With President Donald Trump now into his second year in office, several key commodity prices were 5% stronger on average through the end of February, compared with on January 19, 2017, the day before his inauguration.
Eight of the 11 commodity benchmark, running-average prices being tracked by S&P Global Platts since Trump took the oath of office were up, led by Chicago gasoline (+11.8%) and jet fuel (+8.9%).
Dated Brent crude’s running average during the Trump era was $56.14/b for the January 20, 2017 through February 28, 2018 period, compared with $53.31/b on January 19 a year ago, an increase of 5.3%. New York Harbor fuel oil’s running average was $49.04/b for the same period, up 4.3% from the January 19, 2017 mark of $47.03.
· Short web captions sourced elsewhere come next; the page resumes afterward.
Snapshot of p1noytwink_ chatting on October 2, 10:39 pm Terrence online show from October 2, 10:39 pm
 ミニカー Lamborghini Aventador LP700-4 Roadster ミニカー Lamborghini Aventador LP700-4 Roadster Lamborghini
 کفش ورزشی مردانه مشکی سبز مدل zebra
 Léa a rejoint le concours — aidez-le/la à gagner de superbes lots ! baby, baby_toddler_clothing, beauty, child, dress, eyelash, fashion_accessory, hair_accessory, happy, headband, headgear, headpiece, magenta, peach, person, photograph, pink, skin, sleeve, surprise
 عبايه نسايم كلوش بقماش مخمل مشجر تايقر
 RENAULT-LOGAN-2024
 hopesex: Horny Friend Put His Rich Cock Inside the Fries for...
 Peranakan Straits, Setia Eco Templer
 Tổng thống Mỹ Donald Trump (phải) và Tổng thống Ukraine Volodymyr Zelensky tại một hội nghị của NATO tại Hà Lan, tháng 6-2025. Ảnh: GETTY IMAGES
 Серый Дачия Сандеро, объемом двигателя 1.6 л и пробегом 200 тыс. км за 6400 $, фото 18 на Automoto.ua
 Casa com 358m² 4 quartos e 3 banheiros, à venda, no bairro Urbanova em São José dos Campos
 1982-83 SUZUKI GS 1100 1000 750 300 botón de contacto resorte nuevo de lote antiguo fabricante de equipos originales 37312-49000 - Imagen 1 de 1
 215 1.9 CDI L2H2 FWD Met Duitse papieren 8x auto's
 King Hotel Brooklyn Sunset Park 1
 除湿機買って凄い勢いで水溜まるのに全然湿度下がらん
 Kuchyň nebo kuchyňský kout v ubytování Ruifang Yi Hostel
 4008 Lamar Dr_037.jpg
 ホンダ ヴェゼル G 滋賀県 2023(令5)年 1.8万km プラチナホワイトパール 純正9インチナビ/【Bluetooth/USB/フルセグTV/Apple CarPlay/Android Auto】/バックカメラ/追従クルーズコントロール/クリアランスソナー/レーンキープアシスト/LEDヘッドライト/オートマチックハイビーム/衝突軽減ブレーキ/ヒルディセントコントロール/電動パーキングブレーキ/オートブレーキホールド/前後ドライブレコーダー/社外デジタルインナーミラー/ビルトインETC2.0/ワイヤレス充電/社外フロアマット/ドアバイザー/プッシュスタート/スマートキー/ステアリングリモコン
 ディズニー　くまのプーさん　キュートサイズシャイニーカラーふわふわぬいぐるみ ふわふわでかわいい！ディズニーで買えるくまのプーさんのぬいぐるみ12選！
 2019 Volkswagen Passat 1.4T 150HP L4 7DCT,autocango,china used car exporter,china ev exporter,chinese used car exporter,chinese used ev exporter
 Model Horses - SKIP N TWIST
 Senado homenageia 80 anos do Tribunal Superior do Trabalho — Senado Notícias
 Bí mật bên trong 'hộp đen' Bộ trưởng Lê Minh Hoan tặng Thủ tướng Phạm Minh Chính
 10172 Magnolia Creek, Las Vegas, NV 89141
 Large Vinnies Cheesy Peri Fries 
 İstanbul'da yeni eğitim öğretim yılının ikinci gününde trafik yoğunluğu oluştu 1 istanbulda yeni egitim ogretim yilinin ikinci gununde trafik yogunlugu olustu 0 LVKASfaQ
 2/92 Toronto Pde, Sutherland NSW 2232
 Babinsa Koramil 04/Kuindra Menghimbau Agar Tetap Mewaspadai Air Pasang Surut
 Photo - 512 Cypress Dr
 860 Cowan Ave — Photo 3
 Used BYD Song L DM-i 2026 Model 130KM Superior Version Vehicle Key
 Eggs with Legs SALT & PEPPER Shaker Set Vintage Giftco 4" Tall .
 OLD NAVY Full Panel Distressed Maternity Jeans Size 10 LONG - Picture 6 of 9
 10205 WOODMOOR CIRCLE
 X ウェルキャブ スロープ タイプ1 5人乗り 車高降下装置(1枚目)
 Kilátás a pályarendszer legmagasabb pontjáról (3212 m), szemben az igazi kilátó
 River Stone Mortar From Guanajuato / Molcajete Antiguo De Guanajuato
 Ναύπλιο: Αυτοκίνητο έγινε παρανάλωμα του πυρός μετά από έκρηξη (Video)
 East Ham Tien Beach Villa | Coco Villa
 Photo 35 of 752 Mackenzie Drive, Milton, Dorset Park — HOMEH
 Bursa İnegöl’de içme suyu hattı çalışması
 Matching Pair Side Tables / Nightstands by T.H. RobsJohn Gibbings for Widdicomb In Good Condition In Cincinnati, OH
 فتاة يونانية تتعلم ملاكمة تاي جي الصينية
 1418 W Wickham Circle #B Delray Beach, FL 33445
But the running average prices of natural gas (-6.5%), thermal coal (-5.9%) and global iron ore (-11.1%) remain lower than on President Barack Obama’s last day on the job.
Among key metals benchmarks, gold (+6.4%) and aluminum (+5.3%) lead the way, charting higher running averages through the end of February from Trump’s first day on the job.
For steel, US-made hot-rolled coil was only averaging 1% higher ($636.10/st) for the period, but this was before a 25% tariff on US imports of steel was announced, and then signed on March 8 by the president. In recent days, since March 1, this same benchmark steel price has averaged $823.61/st, nearly $188/st above the 13-month running average.
Platts has been monitoring this group of 11 price benchmarks and comparing them in Trump’s term to date versus Obama’s eight years in office — although fundamentals and a range of other factors influence commodity prices.